Refreshing your segments in four simple stages (with examples).

Here we guide you through the stages involved in enriching your target segments. In this guide we overlay behavioral and psychographic data points collected in our coronavirus research, building on the example in our previous blog

Aim: A U.S.-based direct-to-consumer grocery company is looking to refresh one of its core segments: mothers with children living at home. 

Why?: Specifically, the brand wants to validate the assumption that more mothers are cooking at home since the outbreak, uncovering key attributes to enrich their understanding of who this group is, and how to reach them.

How?: By refreshing their audience segments and revealing new truths about young mothers, the brand hopes to create an offering that meets the evolving needs of this market.

[Note: The below example is the tip of the iceberg. You can of course create highly niche, detailed audiences and overlay demographic or geographic data points as needed]. 

1: Build out your audience segment.

You’ll probably have an idea of who your target market is, so view our step-by-step guide to creating new target personas with GWI. There you’ll find out how to group statements until you get the perfect fit.

If you’ve already built your audience, we’d recommend reviewing the statements and updating to newer or more relevant ones where applicable.

Here’s how our ‘U.S. mothers’ audience looks so far:

creating an audience in GWI

2: Reveal psychographic data points.

Now you have your base audience, you can apply them to the thousands of data points in the platform. Using the chart builder function, delve into one of our data sets and pick a topic that you want answers to.

In this case, the grocery brand is looking to reveal what behaviors this audience predict they will continue doing after the outbreak.

adding attributes in GWI

They discover 51% of U.S. mothers with live-in children are cooking more at home, 17% more so than the average consumer.

It also reveals that when the outbreak is over, they’re 32% more likely than average to say they’ll continue doing so.

3: Add this data point to your base audience.

The grocery brand has validated its hunch that mothers are likely to continue to cook from home, they now want to add this self-perception to their base audience. 

This is done by returning to the audience builder and adding the attribute. The audience now looks like this:

refining target segments with gwi

Step 4: Research, test and refine.

The brand’s base audience can now be described as this: Mothers with children who plan on continuing to cook at home after the outbreak.
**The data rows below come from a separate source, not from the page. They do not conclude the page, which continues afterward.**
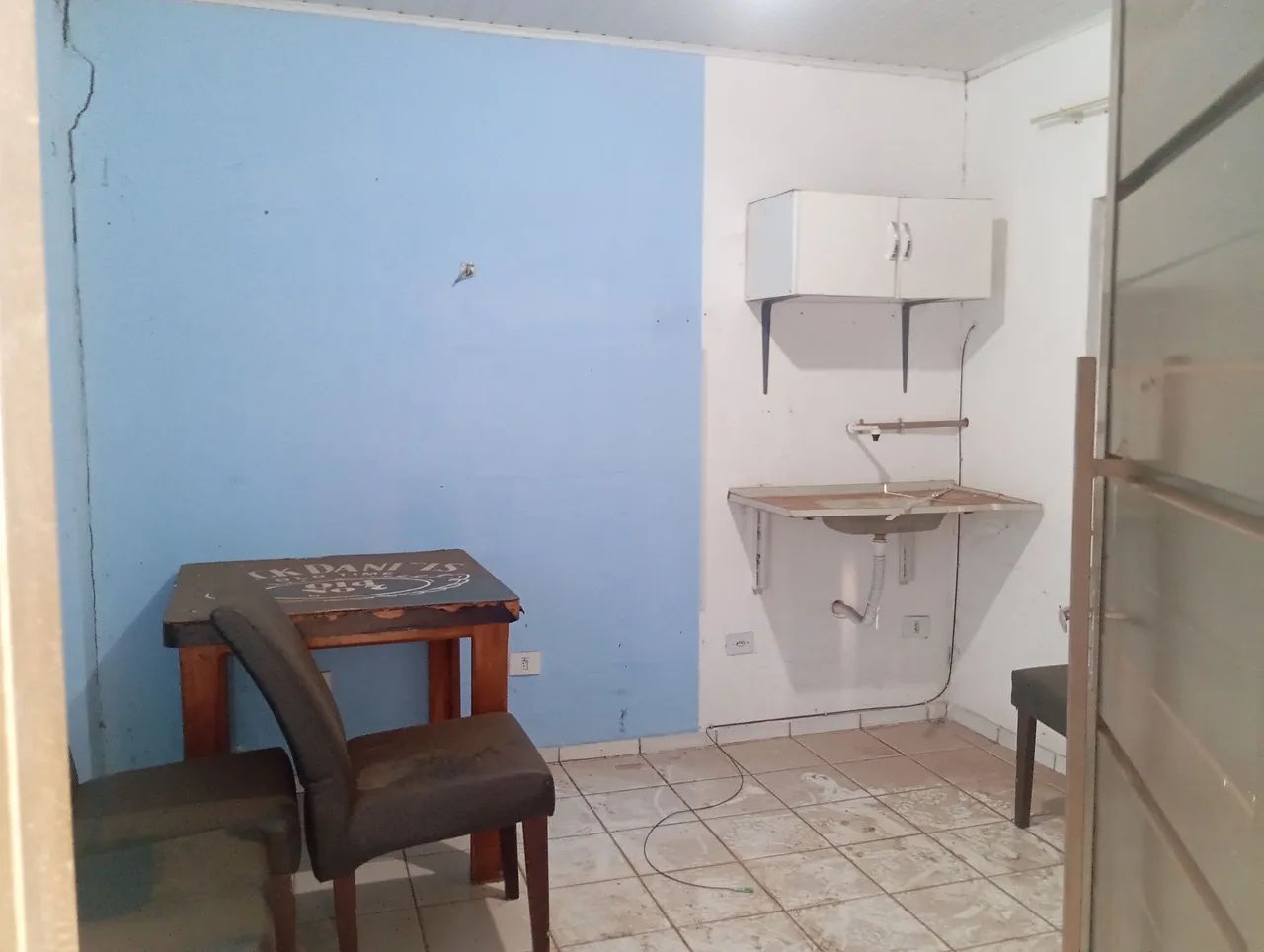 Alugo quarto  - Foto 2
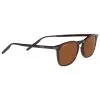 Lunettes De Soleil Serengeti Delio Shiny Dark Havana Mineral Polarized Drivers -Promos Lunettes De Soleil Magasin eddca94afed7eee4509330d02da5e048668ec01f E21SERELUN183947 SERE0428866 0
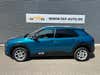 Citroën C4 Cactus BlueHDi 100 SkyLine Van thumbnail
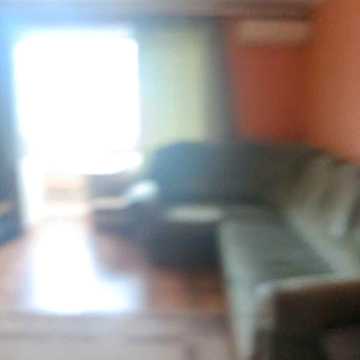 Поділ. 8/9 3к квартира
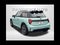 2026 MINI Hardtop 2 Door John Cooper Works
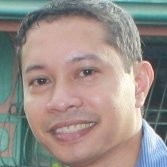 Jonathan de Dios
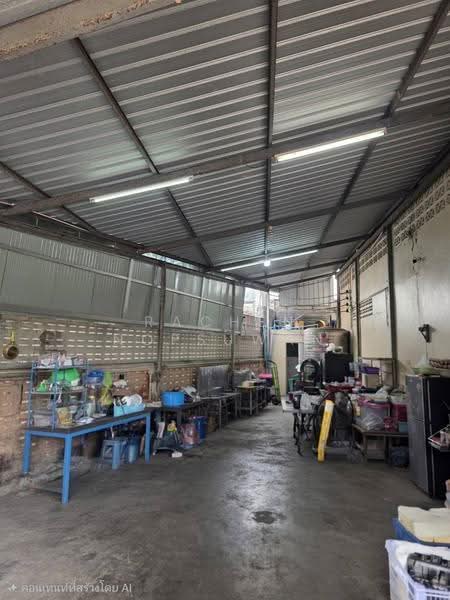 sale! Large 2-story detached house with a spacious 1 rai 3.2 square wa land plot in Thung Sao, Songkhla, Hat-Yai, Hat Yai, Songkhla, 7 Bedrooms, 1,613 sqm, Single Detached House For Sale, by Rachen Nopsuwan, 500497544 - DDproperty.com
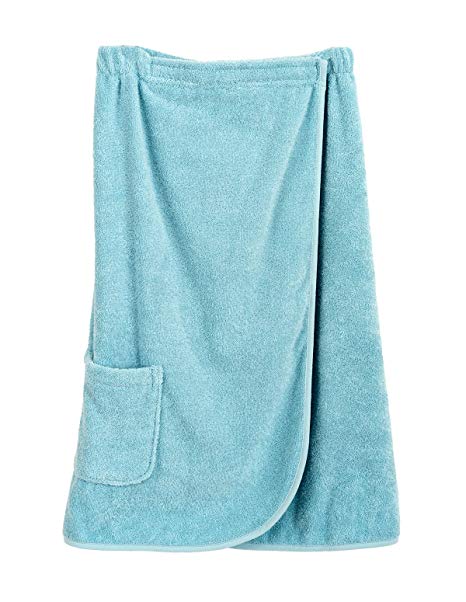 Top 14 Best Women’s Towel Wraps in 2023 Reviews Fashion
To create a successful ad campaign, the brand needs to get to grips with the behavioral and psychological patterns this group demonstrates. Only then will it have the details needed to create relevant, targeted products and content. Key areas of focus here are:

  • Personal interests.
  • Modes of brand discovery.
  • Modes of product research.
  • Purchase drivers.
  • Preferred brand interactions and qualities 

Don’t let your target segments gather dust.

Crafting detailed, realistic audiences from data you trust is a cornerstone of effective segmentation.

A modern segmentation needs to be agile and adaptable, with regular revisiting to retain its true value.

With a dataset that goes far beyond basic behaviors and provides a look into the consumer psyche, the hazy contexts that ultimately drive buying behaviors come into focus.

With the ability to research, refine, enrich and overlay as and when required, it’s possible to remain ahead of the curve, even when the future holds more unknowns.